In their cell, Olrik and Mortimer decide to form a temporary alliance to escape, but Rowana releases them to show them the entirety of the situation. The professor makes the assumption that there is another mega wave generator that stimulated the Telecephaloscope, and that the image of Septimus, kept in memory, intends to replicate indefinitely. The horde of Septimuses break through the door and escape via the sewers. Mortimer takes Olrik to his lab in hopes of finding a way to end the phenomenon.
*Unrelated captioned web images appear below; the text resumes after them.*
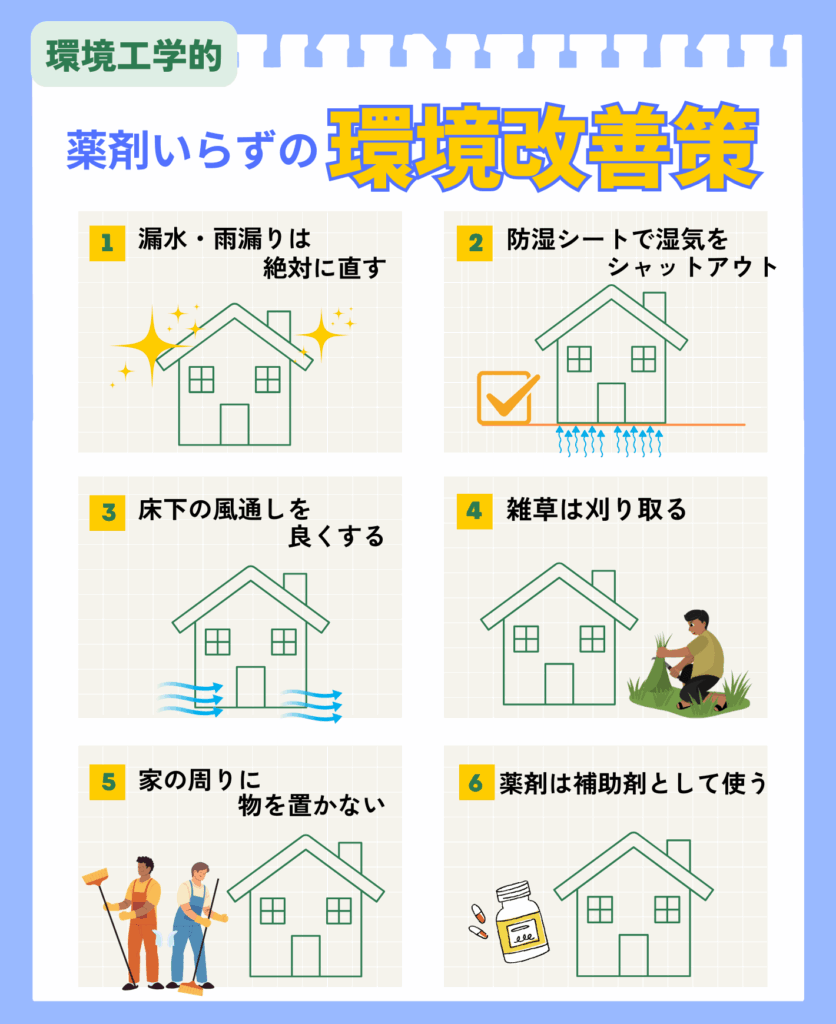 薬剤いらずの環境改善策の図解6選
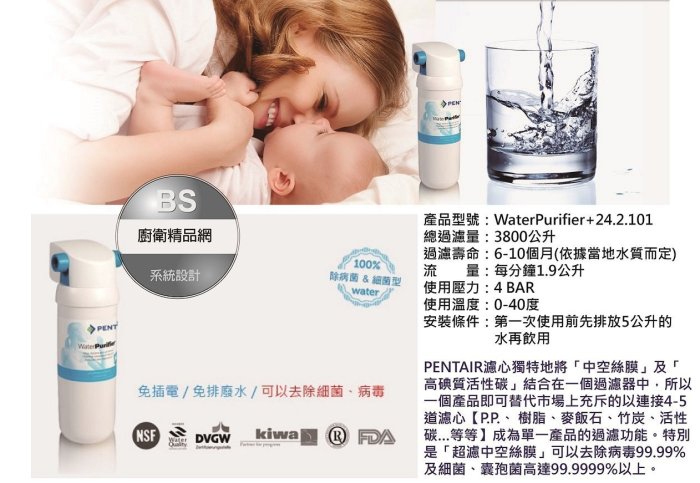 【BS】諾得NEX-25 廚下型加熱器+WaterPurifier+24.2.101-淨水器冷熱開飲機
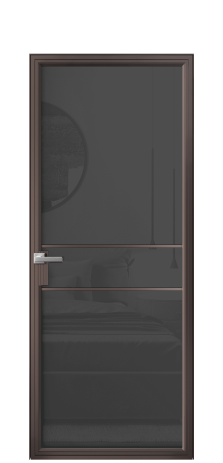 Дверь межкомнатная Фрейм 02 Цвет Антик Покрытие Алюминий  Наличник Скрытый короб Цена 78410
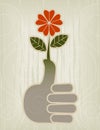 Thumbs Up | Green Thumb Icon Royalty Free Stock Photo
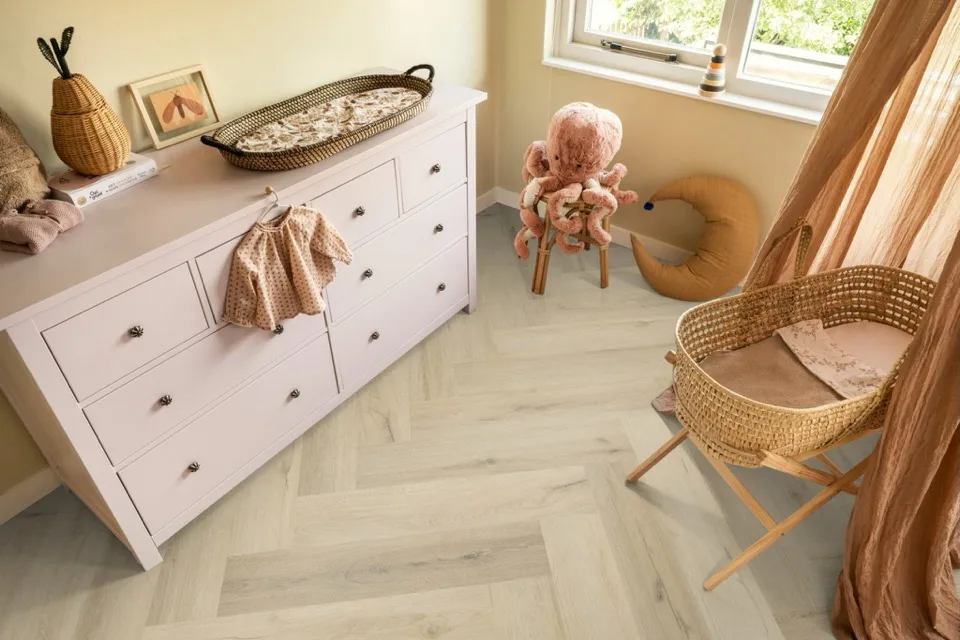 ambiant spigato xl valento visgraat dryback warm beige pvc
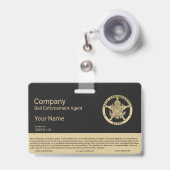 Agent-Abzeichen für die Vollstreckung von Kautione Ausweis (Vorderseite mit Ausziehbar)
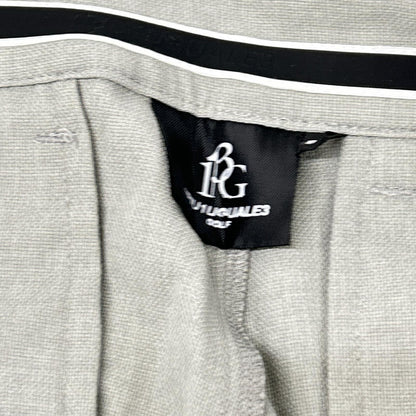 1piu1uguale3 ウノピゥウノウグァーレトレ 【GOLF】【×戸賀敬城】GRP064-POE340 グレー PINTUCK PANTS センタープレススラックスパンツ ボトムス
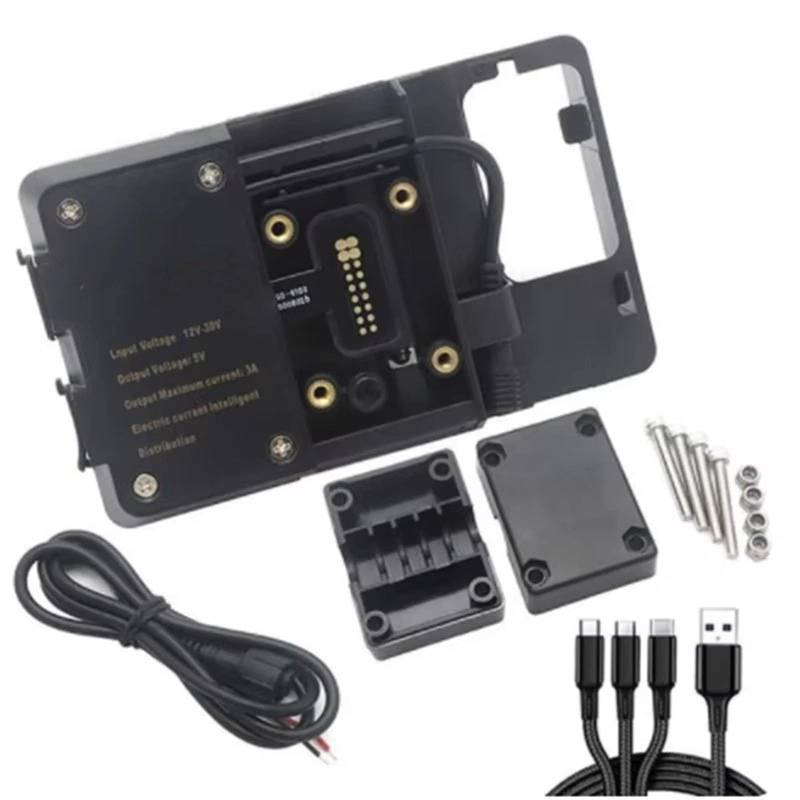 Navigationshalterung Motorrad Handy Ladestation Halter Für R1200GS R1250GS LC ADV R 1200 GS Abenteuer 12mm GPS Navigation Halterung 2013-2019 Telefonständerhalter GPS(A) von Btnuahq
At 10 Downing Street, the Prime Minister tells Blake that the mysterious craft, Orpheus, was discovered by Major Banks' team during the last war and that its existence is to be kept a secret in order to facilitate a study by scientists. Blake decides to destroy the Orpheus and gets inside with explosives to disobey orders. In the laboratory, Mortimer uses the Telecephaloscope on Olrik to give him control over the Mega Wave, and thus over the source of the clones of Septimus. Olrik enters the spaceship via the Mega Wave and orders Blake and his men to leave. The diver tries to get control over the situation and keeps saying "Asylum". Olrik manages to resist the orders of the mysterious diver and triggers the explosion. The Orpheus ship explodes and disappears in a column of light. A few days later, Blake and Mortimer discuss their adventure, while Olrik (who has not recovered from his experience) finds himself interned in Bedlam Hospice with Major Blanks and his team. All repeat the same word as the diver: "Asylum".

==Reviews and sequel==
On French media SensCritique, the album is rated 5.8/10. On Babelio, it has an average rating of 3.41/5.

Nice-Matin found the album to be very good, but HuffPost found it to be at a much lower level compared to The Yellow "M".

In January 2016, during an interview with journalist Yann Blake, Jean Dufaux announced that a sequel to this album had been written and will soon be published.

The sequel, an album titled Le Cri du Moloch (in French) and illustrated by Christian Cailleaux and Étienne Schréder, was published on November 20, 2020.